En el caso de La lavandería, la denuncia se articula a través de la sátira más descarada, un tono que Soderbergh ya exploró en El desinformante y que sobrevuela sus comedias más frívolas (pienso en la saga de los La gran estafa / Ocean's Eleven). Y, por último, lo nuevo del cineasta norteamericano se presenta como un fragmentario collage que se ramifica en la esfera internacional, una estrategia que ya resplandecía en Contagio, que a su vez comparte con La lavandería su carácter “procesual”.

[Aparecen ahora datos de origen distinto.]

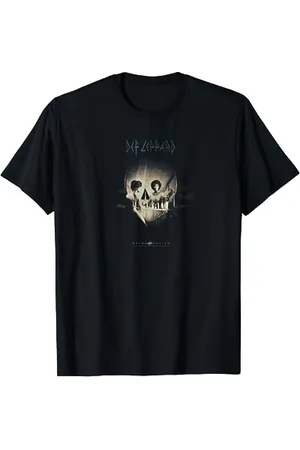 Def Leppard Retro Aktiv T-Shirt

Resulta impactante la seguridad con la que Soderbergh –todo un veterano de la industria a sus 56 años– emplea las herramientas cinematográficas a su disposición para embestir contra la avaricia del sistema capitalista, un mensaje que ya se infiltraba en el díptico que forman Magic Mike y La estafa de los Logan. La película brilla cuando se proyecta a las alturas de la comedia cínica de la mano del dúo formado por Gary Oldman y Antonio Banderas, que en la piel de los abogados Jürgen Mossack y Ramón Fonseca –cuyas actividades fraudulentas fueron destapadas por los Papeles de Panamá–, devienen los narradores de La lavandería. Rompiendo la cuarta pared y exhibiendo con absoluto descaro la cara más amoral del sistema, Oldman y Banderas son la punta de lanza de una película que, en su despliegue autorreflexivo, dialoga con la herencia de Bertolt Brecht para animar a los espectadores a no olvidar que la ficción (basada en hechos reales) no es más que el reflejo de un conflicto real de profundo calado sociopolítico.